■ DATA TO EXAMINE

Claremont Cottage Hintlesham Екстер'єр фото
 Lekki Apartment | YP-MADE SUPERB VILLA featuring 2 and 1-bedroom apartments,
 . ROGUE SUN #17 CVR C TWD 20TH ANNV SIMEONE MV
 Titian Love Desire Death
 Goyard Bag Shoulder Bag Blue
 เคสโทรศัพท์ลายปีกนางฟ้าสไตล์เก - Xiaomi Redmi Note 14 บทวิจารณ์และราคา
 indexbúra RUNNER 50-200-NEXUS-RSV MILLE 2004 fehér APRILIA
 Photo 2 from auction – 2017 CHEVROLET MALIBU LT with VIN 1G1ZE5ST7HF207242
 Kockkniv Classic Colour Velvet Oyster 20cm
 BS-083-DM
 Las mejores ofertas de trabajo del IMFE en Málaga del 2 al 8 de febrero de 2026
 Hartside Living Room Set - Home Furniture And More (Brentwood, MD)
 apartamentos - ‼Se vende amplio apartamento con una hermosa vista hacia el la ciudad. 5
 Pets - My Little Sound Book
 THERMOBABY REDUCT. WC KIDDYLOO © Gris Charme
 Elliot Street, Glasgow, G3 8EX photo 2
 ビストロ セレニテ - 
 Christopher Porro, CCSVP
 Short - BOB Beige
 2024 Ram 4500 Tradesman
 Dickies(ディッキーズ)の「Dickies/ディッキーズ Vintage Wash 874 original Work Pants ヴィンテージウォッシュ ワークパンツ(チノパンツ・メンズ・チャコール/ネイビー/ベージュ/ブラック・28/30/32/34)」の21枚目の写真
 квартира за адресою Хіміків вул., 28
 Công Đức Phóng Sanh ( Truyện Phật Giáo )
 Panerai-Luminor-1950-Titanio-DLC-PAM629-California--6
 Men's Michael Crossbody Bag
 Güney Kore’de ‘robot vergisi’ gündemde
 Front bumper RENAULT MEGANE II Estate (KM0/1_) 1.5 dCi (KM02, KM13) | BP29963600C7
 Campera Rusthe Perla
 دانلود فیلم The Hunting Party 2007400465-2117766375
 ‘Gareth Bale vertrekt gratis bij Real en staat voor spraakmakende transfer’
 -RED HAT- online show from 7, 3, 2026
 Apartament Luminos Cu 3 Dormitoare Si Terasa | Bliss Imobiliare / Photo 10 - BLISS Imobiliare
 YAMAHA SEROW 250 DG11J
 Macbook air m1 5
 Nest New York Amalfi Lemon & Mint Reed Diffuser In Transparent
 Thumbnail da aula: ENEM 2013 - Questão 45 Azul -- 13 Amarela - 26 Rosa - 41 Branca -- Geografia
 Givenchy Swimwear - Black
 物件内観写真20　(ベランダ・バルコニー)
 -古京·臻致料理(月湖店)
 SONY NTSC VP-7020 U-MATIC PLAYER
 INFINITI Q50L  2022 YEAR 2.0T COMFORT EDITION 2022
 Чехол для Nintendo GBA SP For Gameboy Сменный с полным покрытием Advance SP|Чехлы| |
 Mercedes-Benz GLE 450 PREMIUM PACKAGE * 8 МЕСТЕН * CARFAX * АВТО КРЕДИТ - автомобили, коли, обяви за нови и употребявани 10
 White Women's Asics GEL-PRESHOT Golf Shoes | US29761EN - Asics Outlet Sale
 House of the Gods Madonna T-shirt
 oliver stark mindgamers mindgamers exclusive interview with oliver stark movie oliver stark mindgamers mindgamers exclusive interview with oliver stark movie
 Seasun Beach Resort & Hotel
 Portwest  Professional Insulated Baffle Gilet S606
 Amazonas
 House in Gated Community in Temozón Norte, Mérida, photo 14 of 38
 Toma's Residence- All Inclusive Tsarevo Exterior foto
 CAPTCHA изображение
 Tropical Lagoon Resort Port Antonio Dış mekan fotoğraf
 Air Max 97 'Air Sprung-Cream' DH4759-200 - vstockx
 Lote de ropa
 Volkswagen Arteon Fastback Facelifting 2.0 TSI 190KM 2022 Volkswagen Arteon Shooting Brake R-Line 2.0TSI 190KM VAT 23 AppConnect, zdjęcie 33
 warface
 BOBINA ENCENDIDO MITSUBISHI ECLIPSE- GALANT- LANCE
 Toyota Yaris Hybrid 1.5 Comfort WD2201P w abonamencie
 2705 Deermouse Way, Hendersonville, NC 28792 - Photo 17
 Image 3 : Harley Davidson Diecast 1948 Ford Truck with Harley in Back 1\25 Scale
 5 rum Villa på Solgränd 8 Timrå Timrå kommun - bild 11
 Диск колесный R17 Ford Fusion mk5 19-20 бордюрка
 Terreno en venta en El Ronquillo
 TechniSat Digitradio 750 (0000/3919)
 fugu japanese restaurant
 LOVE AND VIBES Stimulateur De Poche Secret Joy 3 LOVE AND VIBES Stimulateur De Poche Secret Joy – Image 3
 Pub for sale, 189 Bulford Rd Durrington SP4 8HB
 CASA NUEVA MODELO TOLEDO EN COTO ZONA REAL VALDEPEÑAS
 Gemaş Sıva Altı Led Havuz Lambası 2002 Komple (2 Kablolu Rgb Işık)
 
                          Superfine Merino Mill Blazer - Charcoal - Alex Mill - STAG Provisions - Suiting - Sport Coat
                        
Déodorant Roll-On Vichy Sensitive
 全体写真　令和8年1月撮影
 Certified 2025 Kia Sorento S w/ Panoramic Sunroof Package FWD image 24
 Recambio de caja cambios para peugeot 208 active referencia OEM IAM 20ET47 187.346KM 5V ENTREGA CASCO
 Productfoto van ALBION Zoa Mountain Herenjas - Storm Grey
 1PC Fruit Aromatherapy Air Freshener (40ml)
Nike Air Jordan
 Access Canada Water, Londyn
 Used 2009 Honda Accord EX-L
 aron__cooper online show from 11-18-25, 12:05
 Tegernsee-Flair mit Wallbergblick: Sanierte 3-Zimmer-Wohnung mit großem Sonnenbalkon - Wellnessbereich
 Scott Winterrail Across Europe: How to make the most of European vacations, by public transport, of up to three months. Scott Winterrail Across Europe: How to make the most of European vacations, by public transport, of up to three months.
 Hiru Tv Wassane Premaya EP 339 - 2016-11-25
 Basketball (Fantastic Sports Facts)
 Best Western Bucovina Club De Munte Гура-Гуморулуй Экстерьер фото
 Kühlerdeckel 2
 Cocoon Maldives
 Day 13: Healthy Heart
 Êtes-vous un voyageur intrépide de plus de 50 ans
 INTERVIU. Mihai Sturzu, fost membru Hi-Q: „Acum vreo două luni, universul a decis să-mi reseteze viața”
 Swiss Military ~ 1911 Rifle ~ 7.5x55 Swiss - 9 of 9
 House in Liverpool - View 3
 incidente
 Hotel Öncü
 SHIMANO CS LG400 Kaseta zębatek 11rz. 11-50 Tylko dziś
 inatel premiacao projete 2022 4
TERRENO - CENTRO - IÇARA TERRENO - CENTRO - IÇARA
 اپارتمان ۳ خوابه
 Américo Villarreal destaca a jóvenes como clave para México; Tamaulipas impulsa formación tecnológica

■ TASK
Every line in the entries above that has the word "фото" should be identified and copied.

■ YOUR SOLUTION
Claremont Cottage Hintlesham Екстер'єр фото
 Best Western Bucovina Club De Munte Гура-Гуморулуй Экстерьер фото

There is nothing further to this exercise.